══ Dataset excerpts ══

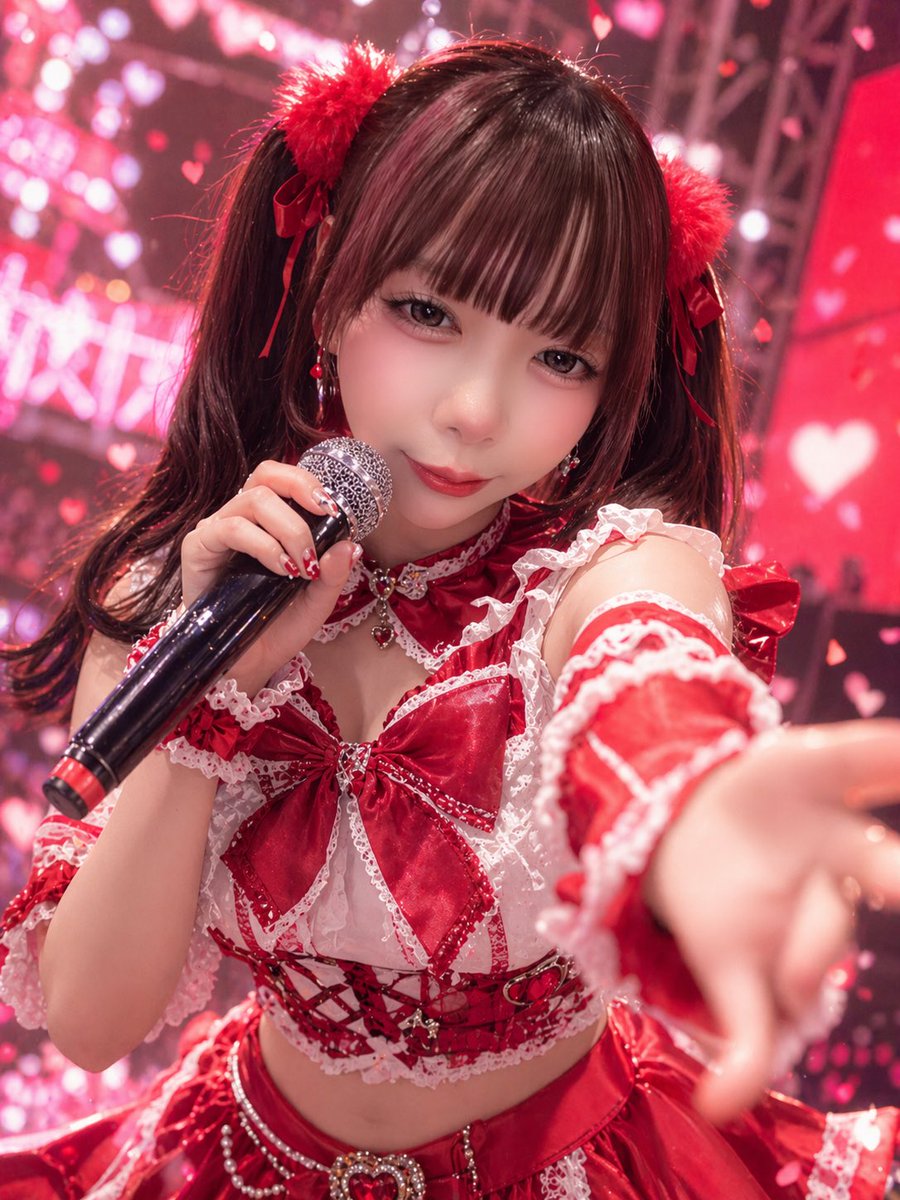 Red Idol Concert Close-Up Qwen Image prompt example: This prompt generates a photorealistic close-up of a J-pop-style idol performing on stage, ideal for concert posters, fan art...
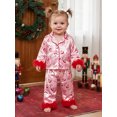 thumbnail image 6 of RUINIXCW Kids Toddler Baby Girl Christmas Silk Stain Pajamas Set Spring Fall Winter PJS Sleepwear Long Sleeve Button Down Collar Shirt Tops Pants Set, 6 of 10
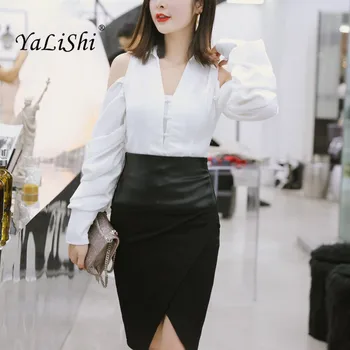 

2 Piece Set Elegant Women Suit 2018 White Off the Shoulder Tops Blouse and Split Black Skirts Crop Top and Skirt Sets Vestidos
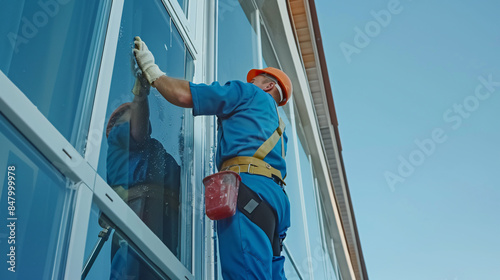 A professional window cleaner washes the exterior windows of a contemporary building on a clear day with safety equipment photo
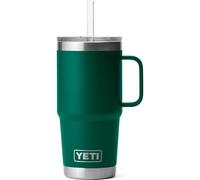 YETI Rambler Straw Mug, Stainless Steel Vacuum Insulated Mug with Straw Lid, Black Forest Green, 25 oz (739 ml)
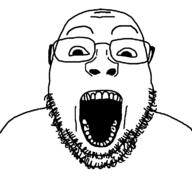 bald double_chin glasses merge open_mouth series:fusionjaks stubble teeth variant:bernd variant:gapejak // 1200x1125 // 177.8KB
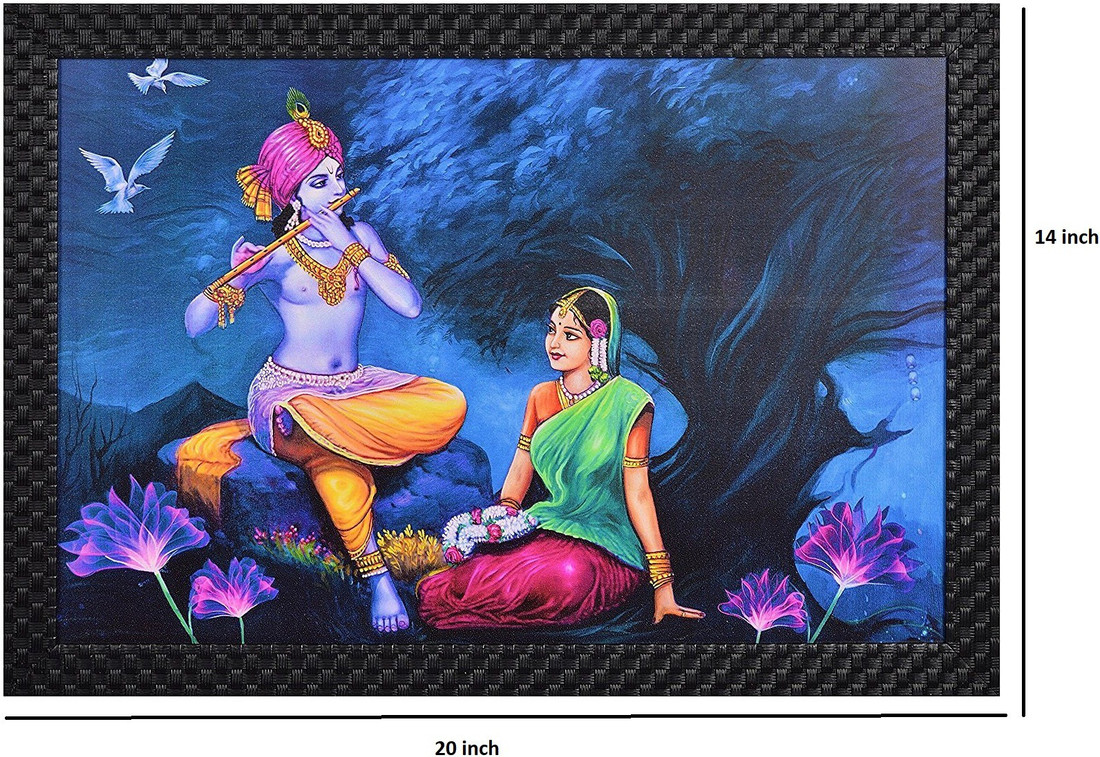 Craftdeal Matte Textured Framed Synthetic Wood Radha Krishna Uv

═══

## [To do]
Every line of the records must come back unchanged, except that pictures are dropped.

## [Exercise response]
 Red Idol Concert Close-Up Qwen Image prompt example: This prompt generates a photorealistic close-up of a J-pop-style idol performing on stage, ideal for concert posters, fan art...
 thumbnail image 6 of RUINIXCW Kids Toddler Baby Girl Christmas Silk Stain Pajamas Set Spring Fall Winter PJS Sleepwear Long Sleeve Button Down Collar Shirt Tops Pants Set, 6 of 10

2 Piece Set Elegant Women Suit 2018 White Off the Shoulder Tops Blouse and Split Black Skirts Crop Top and Skirt Sets Vestidos
 A professional window cleaner washes the exterior windows of a contemporary building on a clear day with safety equipment photo
 YETI Rambler Straw Mug, Stainless Steel Vacuum Insulated Mug with Straw Lid, Black Forest Green, 25 oz (739 ml)
 bald double_chin glasses merge open_mouth series:fusionjaks stubble teeth variant:bernd variant:gapejak // 1200x1125 // 177.8KB
 Craftdeal Matte Textured Framed Synthetic Wood Radha Krishna Uv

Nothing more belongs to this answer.